Question 2: Is mne.time_frequency.csd_multitaper a energy spectral density or a power spectral density? Looking through the code, I don’t see a normalization by the time duration which makes me think it’s an energy spectral density, but I also could be missing it. (Or am just generally confused… very possible!)
Question 3: The density bit of cross-spectral density doesn’t imply there’s a normalization by dividing by total energy or something like that, right? Does it mean anything in particular here? (Sorry, kind of a general signal processing question rather than MNE specific).
For context, I’m helping implement some multitaper coherence and CSD code in the open source library DSP.jl, written in Julia (specifically in https://github.com/JuliaDSP/DSP.jl/pull/401), partially based on mne.time_frequency.csd_multitaper.
I think the answer is it is a power spectral density, and the normalization is actually coming from the tapering. (@palday said this when I asked him but I didn’t really get it ). Let me write it out as I understand it.

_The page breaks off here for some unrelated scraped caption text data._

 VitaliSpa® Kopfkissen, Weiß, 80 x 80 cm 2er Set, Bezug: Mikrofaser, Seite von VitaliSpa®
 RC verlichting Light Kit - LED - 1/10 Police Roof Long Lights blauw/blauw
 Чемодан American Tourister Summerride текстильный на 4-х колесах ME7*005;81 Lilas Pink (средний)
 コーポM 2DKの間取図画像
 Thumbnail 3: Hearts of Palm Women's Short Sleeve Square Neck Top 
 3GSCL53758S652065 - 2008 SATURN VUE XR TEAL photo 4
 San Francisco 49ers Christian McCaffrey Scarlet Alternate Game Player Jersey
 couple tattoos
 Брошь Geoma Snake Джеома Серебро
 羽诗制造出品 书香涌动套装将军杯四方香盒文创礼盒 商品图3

The tapers have 2-norm equal to 1, i.e. \sum_t |h_t|^2 = 1 if h_t is the t th component of the taper. If our sequence is of length N and we chose h_t = \frac{1}{\sqrt{N}}, then again we would have 2-norm equal to one. Let Y_t = X_t h_t denote the tapered sequence. Then it’s FFT has \mathcal{F}(Y)(f) = \frac{1}{\sqrt{N}} \mathcal{F}(X)(f) for each frequency f since the Fourier transfrom is linear and our h_t is a constant so we can pull it out. Then when we take the absolute value squared to get the power, we’d have |\mathcal{F}(Y)(f)|^2 = \frac{1}{N} |\mathcal{F}(X)(f)|^2 and we have our normalization. So we see a particular case of tapering by a sequence with 2-norm equal to 1 recovers the normalization constant when we take the power. The idea then is in general, tapering by such a sequence is effectively performing such a normalization for us.
The CSD object computed with a multitaper is not normalized. However, it does have an n_fft field in order to do normalization at some later stage. So, a CSD computed on 100 epochs has smaller values than a CSD computed on 200 epochs. Any function that operates on an CSD will in practrice normalize by dividing the values by n_fft.